# Azure AI Search LangChain vector code sample

Execution environment used for testing is `python 3.10.0`

### 주의:
`pip install azure-search-documents==11.4.0b8` 버전을 사용해야 합니다. 설치 후 VS code 재실행 해야함.

In [10]:
# pip install -r requirements.txt

## Import required libraries and environment variables

In [1]:
# Import required libraries  
import openai
import os  
from dotenv import load_dotenv
from langchain.embeddings import OpenAIEmbeddings, AzureOpenAIEmbeddings
from langchain.vectorstores.azuresearch import AzureSearch
from azure.search.documents.indexes.models import (
    SemanticSettings,
    SemanticConfiguration,
    PrioritizedFields,
    SemanticField
)


## Configure Azure OpenAI settings

In [2]:
# TODO: change to .env-{myname} and set environment variables.
load_dotenv(override=True, dotenv_path='../.env-leo')

openai.api_type: str = "azure"  
openai.api_key = os.getenv("AZURE_OPENAI_API_KEY")  
openai.api_base = os.getenv("AZURE_OPENAI_ENDPOINT")
openai.api_version = os.getenv("AZURE_OPENAI_API_VERSION")  
model: str = os.getenv("AZURE_OPENAI_EMBEDDING_DEPLOYED_MODEL")

print(openai.api_base)
print(openai.api_version)
print(model)

https://prompton52g-aoai-12.openai.azure.com/
2023-10-01-preview
text-embedding-ada-002


## Configure vector store settings

In [6]:
vector_store_address: str = os.getenv("AZURE_SEARCH_SERVICE_ENDPOINT")  
vector_store_password: str = os.getenv("AZURE_SEARCH_ADMIN_KEY") 
index_name: str = os.getenv("AZURE_SEARCH_INDEX_NAME") # .env 환경변수에서 자기만의 인덱스 이름을 설정하세요.
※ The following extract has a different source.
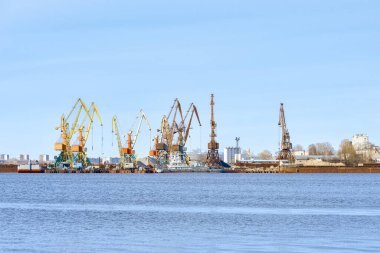 Sheksna Nehri 'nden iskele vinçlerine kadar. Cherepovets Limanı.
print(vector_store_address)
print(index_name)

https://prompton52g-aisearch-12.search.windows.net
langchain-vector-demo-leo


## Create embeddings and vector store instances
Read your data, generate OpenAI embeddings and export to a format to insert your search index:

In [7]:
# Create an embedding object
embeddings: OpenAIEmbeddings = AzureOpenAIEmbeddings(
    azure_deployment=model, model=model, chunk_size=1, 
    azure_endpoint=openai.api_base,
    api_key=openai.api_key,
    openai_api_type=openai.api_type,
    api_version=openai.api_version,
)

# Create an index in Azure Search
vector_store: AzureSearch = AzureSearch(    
    azure_search_endpoint=vector_store_address,
    azure_search_key=vector_store_password,
    index_name=index_name,
    embedding_function=embeddings.embed_query,
    semantic_configuration_name='config',
        semantic_settings=SemanticSettings(
            default_configuration='config',
            configurations=[
                SemanticConfiguration(
                    name='config',
                    prioritized_fields=PrioritizedFields(
                        title_field=SemanticField(field_name='content'),                        
                        prioritized_content_fields=[SemanticField(field_name='content')],
                        prioritized_keywords_fields=[SemanticField(field_name='metadata')]
                    ))
            ])
    )

## Insert text and embeddings into vector store

From here on, it is the same as the existing LangChain usage method.

In [15]:
from langchain.document_loaders import TextLoader
from langchain.text_splitter import CharacterTextSplitter

loader = TextLoader("../data/sample-data/state_of_the_union.txt", encoding="utf-8")

documents = loader.load()
text_splitter = CharacterTextSplitter(chunk_size=1000, chunk_overlap=0)
docs = text_splitter.split_documents(documents)
docs[0].metadata
# vector_store.add_documents(documents=docs)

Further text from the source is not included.